In the Vincentian heritage we have a mission, a direct inheritance from Vincent de Paul, a mission that is called a popular mission, that is, a mission that is directed toward the people. This mission has always been a constitutive element of our Vincentian vocation. The popular missions have had glorious moments in the unfolding of the Christian era. Today these missions are declining either because society has radically changed or because we have not discovered how to renew, adapt, and reestablish these missions.

Is there not a need to take up anew these popular missions and to do this with boldness, creativity, imagination, patience and enthusiasm? Is there not a need to join together our efforts, our minds, our programs and plans in order to reestablish the popular missions? If the popular mission was considered urgent and necessary during a previous era of Christianity, then today it is most urgent.


Charity and mission are the same unavoidable demands of the present time. Our world is in need of both of these realities which involve a serious commitment of the whole Church, especially the members of the Vincentian Family. At the center of charity and mission we encounter the poor. Therefore from the perspective of the poor we have to evaluate our commitment. For example, do the poor guide and define our services and ministries? Do the poor inform our attitudes and criteria? Do we have adequate structures to serve the poor? Do we value the love of Christ and do we draw closer to the poor as a result of Christ’s love.

These are basic questions that our Founders would inquire about today. Paraphrasing Bob Dylan in his song, The Answer is Blowing in the Wind, I would dare to say that the answer is within each one of us.


[1] Cf., Andrés Torres Queiruga, La caridad, dimensión esencial de la vida cristiana (Charity, an essential dimensión of the Christian life), en 1 Corintios XIII. 33 (1985), p. 10-11.

[2] Cf. Julio Lois, Teología de la Liberación. Opción por los pobres (Liberation Theology: an option for the poor), IEPALA Fundamentos, Madrid, 1986, pp. 149-157; Ignacio Ellacuría Pobres (The Poor), in Floristán, Casiano y Juan José Tamayo (editors), Conceptos fundamentales de Pastoral (Fundamental Pastoral Concepts), Cristiandad, Madrid, 1983, pp. 790-792.

[3] H. Bremond, Historia literaria del sentimiento religioso en Francia, t. III, p. 246.

[4] Julio Lois, op.cit., p. 158.

[5] Cf., Luis González-Carvajal, Con los pobres. Contra la pobreza (With the poor. Against poverty), Paulinas, Madrid, 1991, pp. 118-119.

[6] Cf., John Paul II, Sollicitudo rei socialis. John Paul II speaks about structures of sin in #36, 37, 38, 39, 40 and 46 and mentions the expression perverse mechanisms in #17, 35, 40.
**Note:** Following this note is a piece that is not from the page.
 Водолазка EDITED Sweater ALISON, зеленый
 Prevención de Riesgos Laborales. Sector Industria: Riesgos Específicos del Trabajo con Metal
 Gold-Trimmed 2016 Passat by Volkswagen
[7] In order to begin to understand the meaning of Systemic Change we have available to us a book entitled, Seeds of Change, Editorial La Milagrosa, Madrid, 2008. The book was put together by the members of Commission for the Promotion of Systemic Change.

[8] Association of Charity of Saint Vincent de Paul, Let us Act Together Against Poverty. Basic Document, Brussels, 1980, p. 2. 21/80/4-2. 21/80/6.

[9] Daughters of Charity of Saint Vincent de Paul, Constitutions of 1983, #1.7; Constitutions of 2004, #10, a.

[10] Episcopal Commission on Social Ministry, La Iglesia y los pobres (The Church and the poor), p. 134.

[11] Sister Suzanne Guillemin, Problemas y futuro de las religiosas (Problems and the future of women religious), Mensajero, Bilbao, 1969, p. 35.

[12] Cf., The Permanent Commission of the Spanish Episcopal Conference, Los católicos en la vida publica (Catholics in Public Life), #60-61. With regard to the communal and political dimension of charity see the International Association of Charity of Saint Vincent de Paul, Let us Act Together Against Poverty. Basic Document, Brussels, 1980, p. 2. 21/80/4-2. 21/80/6.